Jeder hat andere Vorbilder. Thorsten Schmidt z.B., Jung­fil­me­ma­cher, preis­ge­krönt und als hoff­nungs­reich gepriesen, steht offen­sicht­lich auf Ran – nein, nicht den Kurosawa-Film, sondern die Sendung auf Sat.1, die drollige Genre­szenen am Rande des Fußball­sports doku­men­tiert. Um die Spiele selbst kümmert sich die Sendung wenig, meist werden grimmige Manager und fuch­telnde Trainer gezeigt oder Gewinn­spiele veran­staltet.

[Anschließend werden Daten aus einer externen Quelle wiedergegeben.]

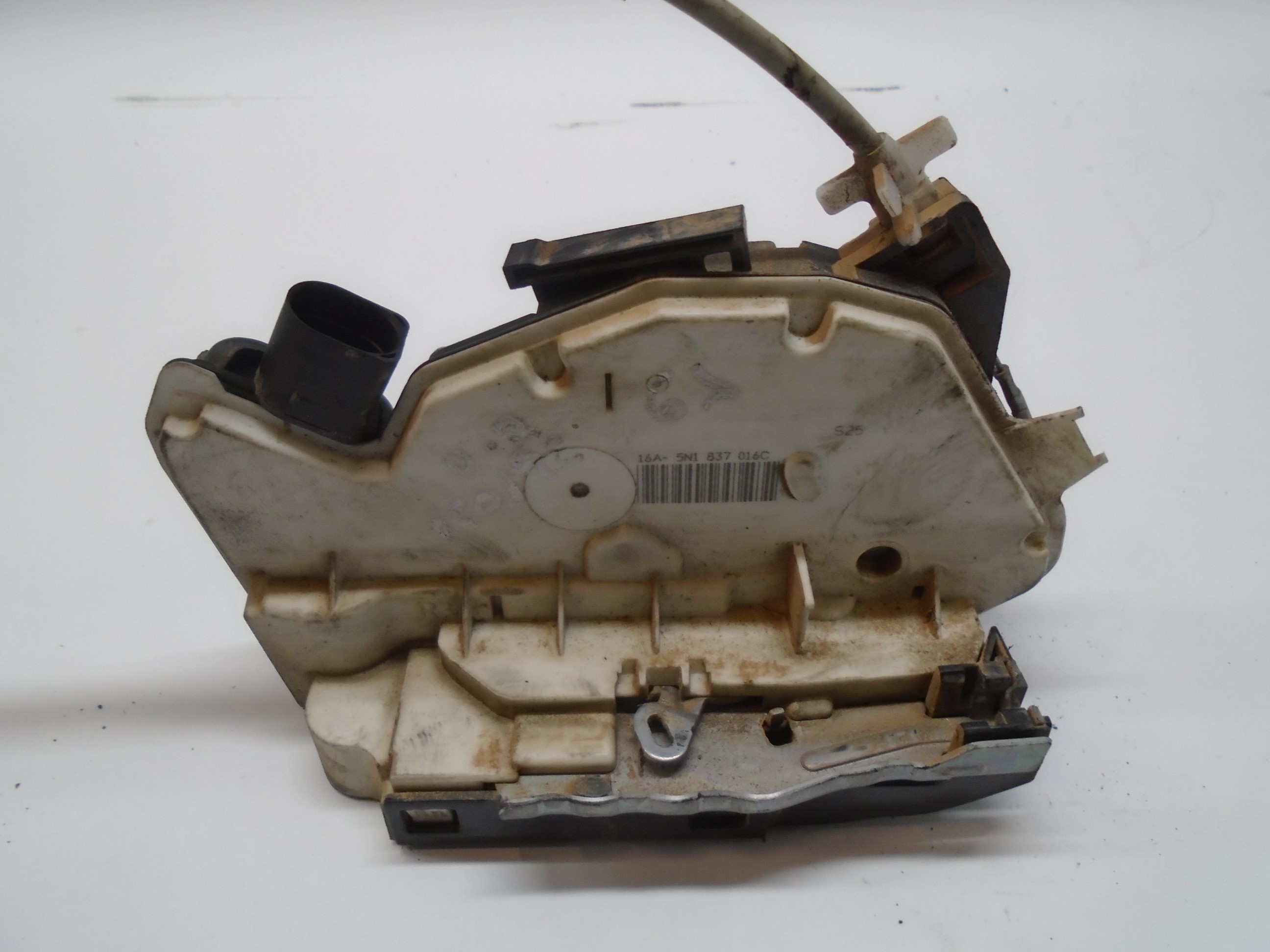 SEAT Cordoba 2 generation (1999-2009) Front Right Door Lock 5N1837016C 18526626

Bei Schmidts Spielfilm Schnee in der Neujahrs­nacht gibt es auch eine Art Preisau­schreiben: Der Bürger­meister von Berlin verspricht dem ersten Berliner Baby zum Millenium eine Million DM, wahr­schein­lich von dem Konto, das Kohl extra für solche Zwecke in der Schweiz einge­richtet hat.

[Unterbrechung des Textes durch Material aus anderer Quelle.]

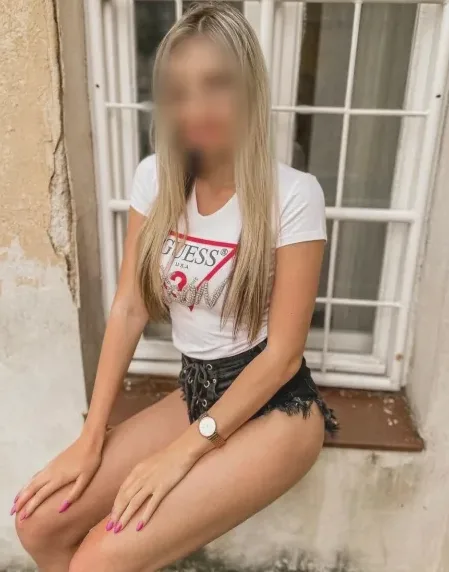 Alina, 31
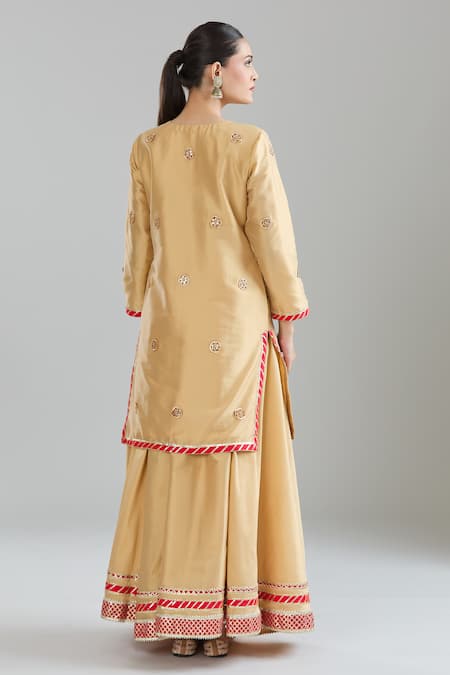 Shop Samyukta Singhania Beige Taffeta, Linen, Chiffon Embroidery, Gota Patti, Sequins Flower Kurta Set at Aza Fashions Shop_Samyukta Singhania_Beige Taffeta, Linen, Chiffon Embroidery, Gota Patti, Sequins Flower Kurta Set _at_Aza_Fashions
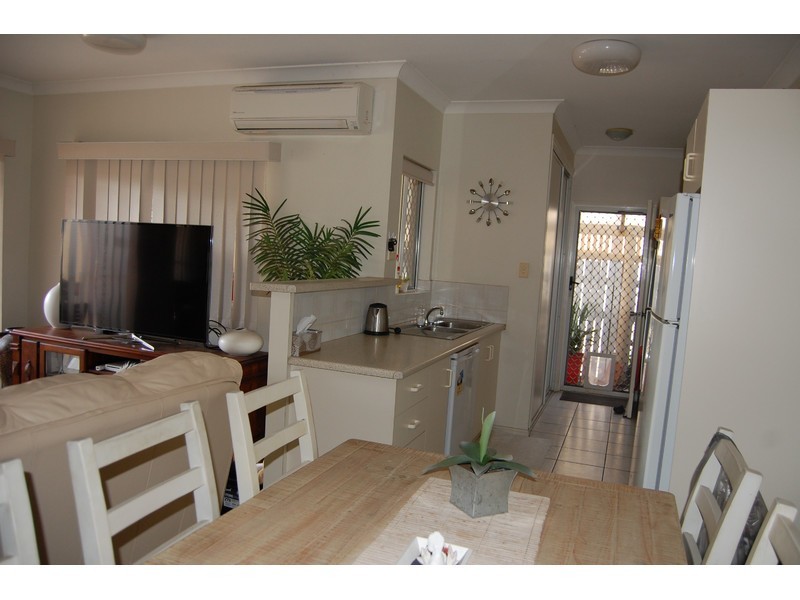 1/25 Anderson Street, Railway Estate QLD 4810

Zufällig ist die Russin Natalia schon am Sylves­ter­abend von oben bis unten schwanger, leider ist der Vater unpäss­lich, so daß sich Natalia bis zur Nieder­kunft um zwölf mit einem Busfahrer anfreunden muß, um nicht Allein­er­zie­hende zu werden. Zugleich plant ein verlas­sener Ehemann, seine Gattin von einem Heiß­luft­ballon aus nieder­zu­knallen. Als das Feuerwerk beginnt, stürzt das Gefährt ab, und er verspricht am Handy schnell, mit dem Saufen aufzu­hören, falls er überlebt, was er schließ­lich tut. Jede der vier, fünf Episoden hat eine über­sicht­liche Problem­stel­lung und erfährt eine hurtige Auflösung. Alko­ho­lismus, Armut und Deppres­sion werden von märchen­hafter Hand beseite gewischt. Als Geländer dienen der jewei­ligen Handlung die Meldungen, die ein einsamer Radio-DJ dem nächt­li­chen Berlin zuver­künden hat. »In Berlin ist der Bär los« heißt es da mehrfach, haha, denn, tatsäch­lich ist aus'm Zoo einer entlaufen.

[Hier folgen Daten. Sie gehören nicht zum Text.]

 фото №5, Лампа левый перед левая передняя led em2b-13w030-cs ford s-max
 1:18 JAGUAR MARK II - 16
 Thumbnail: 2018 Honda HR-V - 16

Schwar­ze­negger hat kürzlich einen Mangel an »Millän­niums-Fülmen« fest­ge­stellt. Der eine hier ist schon zuviel. Gut, auf Sat.1 wäre er nicht weiter negativ aufge­fallen. Auf der Leinwand aber macht er revue­artig auf alle Unzu­läng­lich­keiten deutschen Kinos aufmerksam, bringt’s weder zumMär­chen, noch zur Schnulze, noch zur Komödie, zieht sogar ehrbare Darsteller wie Jürgen Tarrach nach unten und verschwendet den leib­haf­tigen Eric Burdon an eine hinfäl­lige Neben­rolle. Der Bär als Turbulenz-Quotient ist nicht die einzige ausge­franste Idee, schlimmer ist Hannes Jaenicke als einsamer Wolf im Radio. Mit sonorer Stimme mauschelt er Groß­stadt­phi­los­phi­sches daher, bis die einsame Nachbarin von gegenüber ihn endlich, endlich während des Abspanns erhört und damit zum Schweigen bringt.